I'm trying to do a spark query (to cassandra) and I want to push the resulted dataset to kafka, basically the code is as follow:
dataset .withColumn("key", col("pk")) // kafka partition key .withColumn("value", to_json(struct("*"))) // kafka msg content .write() .format("kafka")
but I'm having error:
DirectJDKLog.java:175 - Servlet.service() for servlet [dispatcherServlet] in context with path [] threw exception [Request processing failed; nested exception is java.lang.ClassNotFoundException: Failed to find data source: kafka.

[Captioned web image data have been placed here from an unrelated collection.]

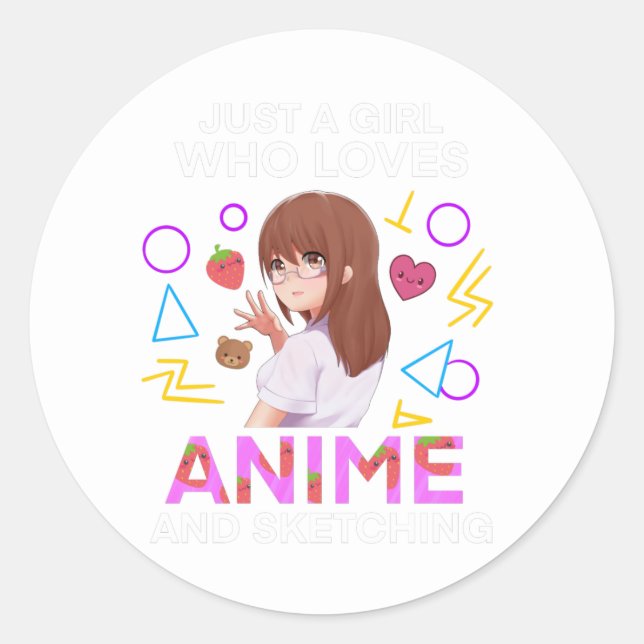 Sticker Rond Juste une fille qui aime l'Anime et l'esquisse (Devant)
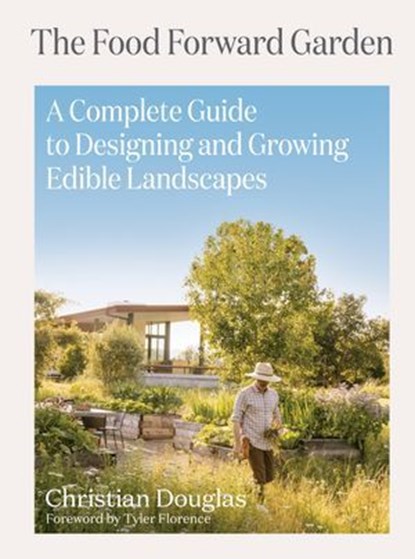 The Food Forward Garden, Christian Douglas - Ebook - 9781648294211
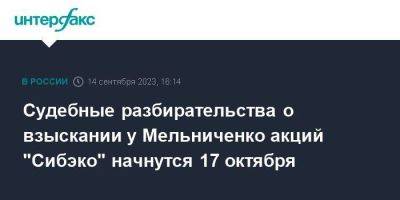 Судебные разбирательства о взыскании у Мельниченко акций "Сибэко" начнутся 17 октября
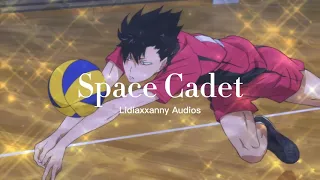 Space Cadet Edit Audio//Give Credit//Lidiaxxanny Audios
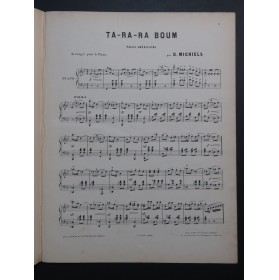 MICHIELS Gustave Ta-Ra-Ra Boum Piano ca1893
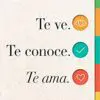 Te ve. Te conoce Te ama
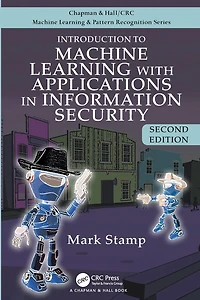 Introduction to Machine Learning with Applications Information Security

Please find packages at http://spark.apache.org/third-party-projects.html] with root cause java.lang.ClassNotFoundException: kafka.DefaultSource
I have DSE install nodetool version:
DSE version: 6.7.14
ReleaseVersion: 4.0.0.6714
My jar is a uber-jar, I have added also following section in my maven-shade-plugin in pom:
<transformer implementation="org.apache.maven.plugins.shade.resource.AppendingTransformer">
<resource>META-INF/services/org.apache.spark.sql.sources.DataSourceRegister</resource>
</transformer>
my dependencies are:
<dependency> <groupId>org.apache.spark</groupId> <artifactId>spark-sql-kafka-0-10_2.11</artifactId> <version>2.2.3</version> <scope>test</scope> </dependency> <dependency> <groupId>org.apache.spark</groupId> <artifactId>spark-streaming-kafka-0-10_2.11</artifactId> <version>2.2.3</version> </dependency>
I'm doing "dse spark-submit" directly on cluster nodes (for testing purpose for now)
The kafka datasource needs to be installed separatly in cluster ??
Can I achive the same using DSE KafkaConnector ? it is possible to have an example ?